C'est au Royaume-Uni, pays de la "GPA éthique" et aux États-Unis, et plus particulièrement en Californie, État où la "GPA commerciale" permet l'ajustement naturel des volontés de chacun,  que les procès se multiplient dans les mécanismes de GPA.

On y observe l'usage dans les stratégies des uns et des autres, la menace de procès est utilisée pour arriver à ses fins. Avec succès. L'enfant ? Les adultes n'en pensent pas. Qu'en peuvent les juges ? Rien.

Le cas qui, en Californie, met en cause Susan Ring est particulièrement intéressant. Les faits remontent à 2001. Les enfants en cause sont aujourd'hui grands.

Le cas est intéressant tout d'abord parce qu'il montre que, l'enfant n'étant fabriqué que parce qu'il est "désiré", l'enfant étant l'objet d'un "projet", n'étant corrélativement pas le "projet d'enfant" de la part de la mère qui l'engendre, s'il s'avère qu'il n'a plus le bénéfice d'un tel "projet" lorsqu'il nait, par exemple parce que ses "parents d'intention" ne s'aiment plus, plus personne n'est là pour le recevoir ...

Il y aura procès. Question juridique, certes. Mais que l'on songe aussi à cet enfant "fabriqué sur mesure" et que personne ne veut ...
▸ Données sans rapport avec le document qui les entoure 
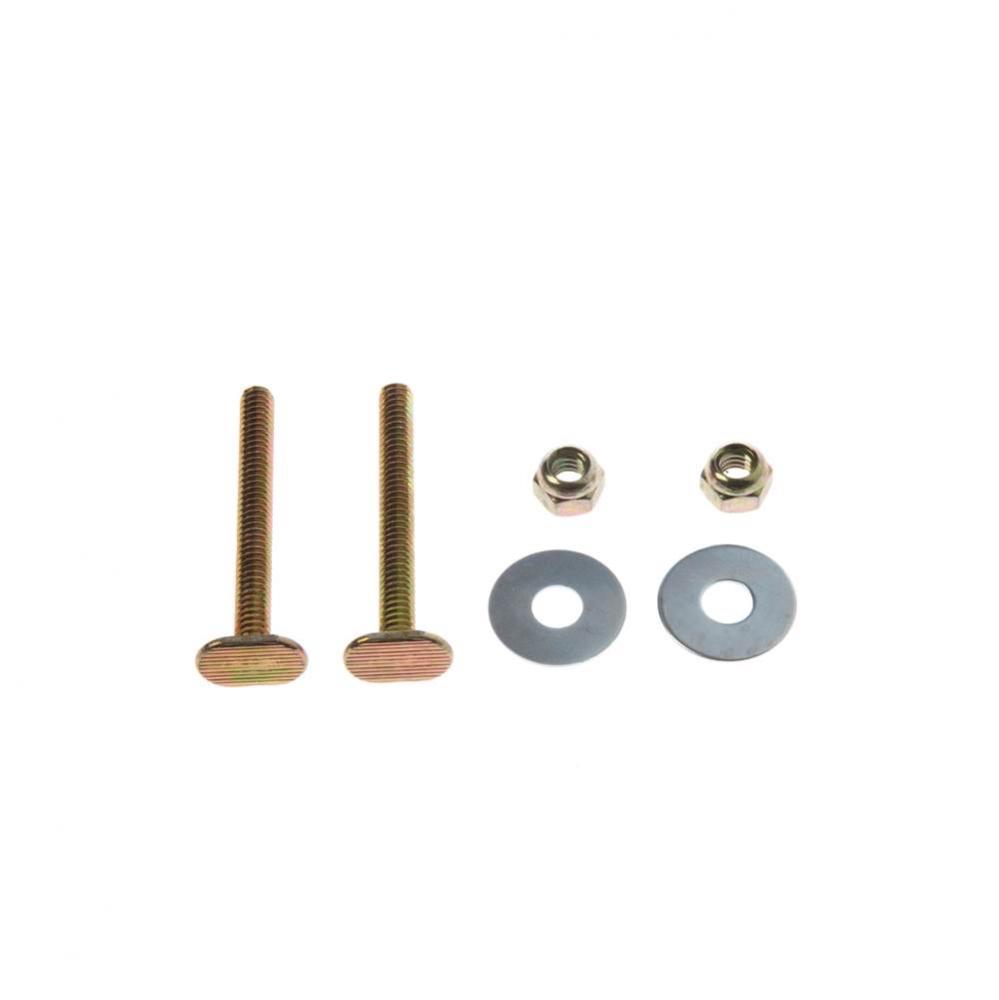 Closet Bolts - Brass Plated - Bagged (style 3) - 2 brass bolts, 4 brass plated open-end nuts, and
Le cas est intéressant ensuite parce que, les États-Unis étant le pays des médias, les protagonistes se sont exprimés dans les médias, chacun parlant dans le Huffington Post Video, en 2013, pour expliquer la légitimité de sa position.

Chacun s'efforce de garder un immense sourire, car tout va toujours bien dans la GPA heureuse californienne, même si l'opinion publique commence à s'inquiéter, comme le montre les commentaires postés sous la video. La mère-porteuse en est à son huitième enfant, explique le contentement qu'elle retire de cette activité, mais une difficulté apparaît lorsque les "parents d'intention" demandent une réduction embryonnaire à laquelle elle ne veut pas procédé en raison de ses convictions personnelles"!footnote-471. Le plus ennuyé est le juriste, présenté comme spécialiste du "droit de la reproduction". Il explique de tout cela va s'arranger.
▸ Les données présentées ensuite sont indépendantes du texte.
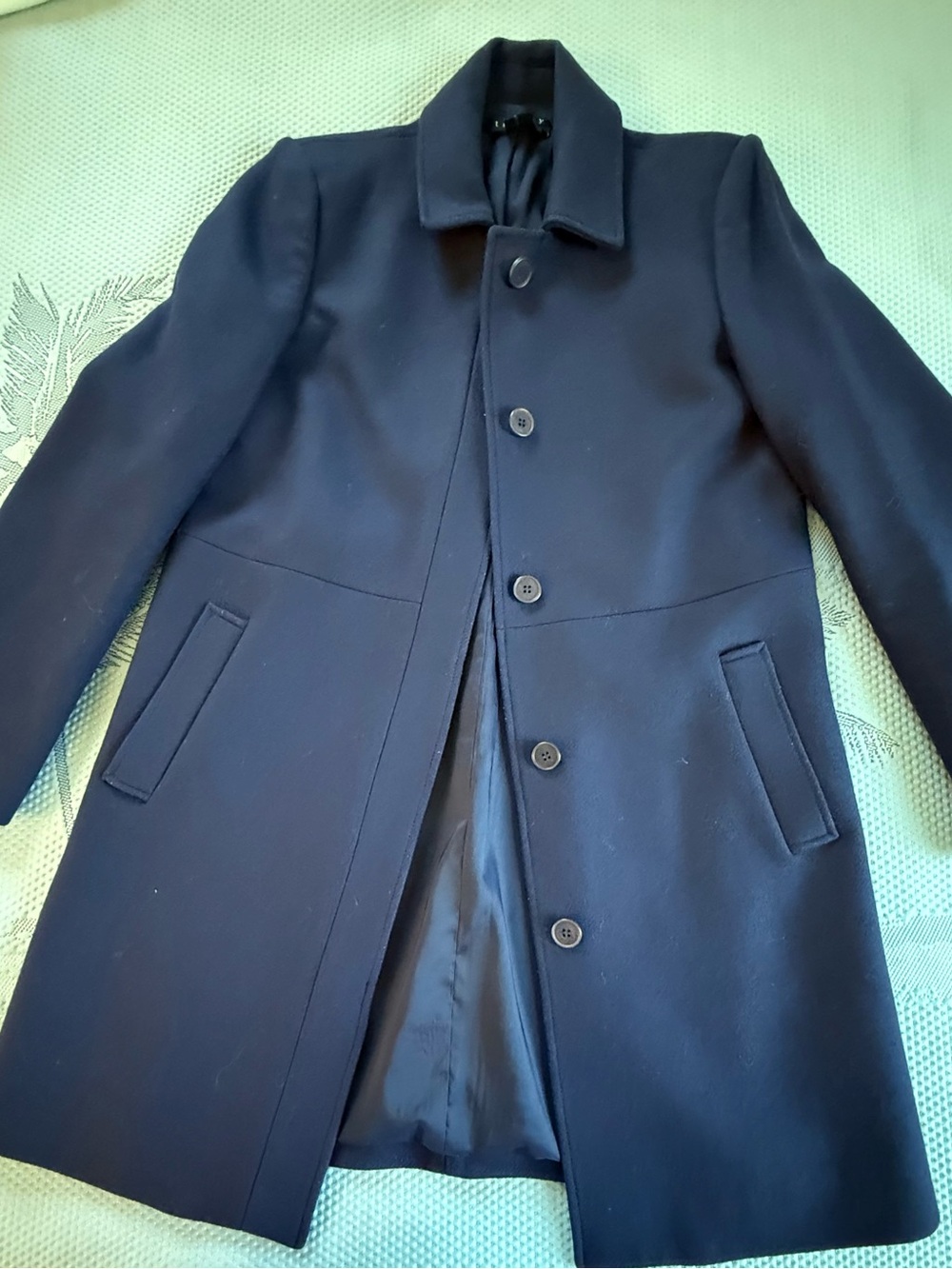 Theory Navy Blue Wool Coat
Mais les choses ne s'arrangeront pas.

En mars 2016, les deux enfants sont nés. Les "parents d'intention", parce qu'ils ont divorcé et puisque les enfants qui devaient être le prolongement  de leur amour n'ont donc plus leur "fonction d'utilité" n'ont plus de raison d'être, que vont-ils devenir ?

L'agence dit simplement à la mère-porteuse qu'ils seront placés dans un service social. 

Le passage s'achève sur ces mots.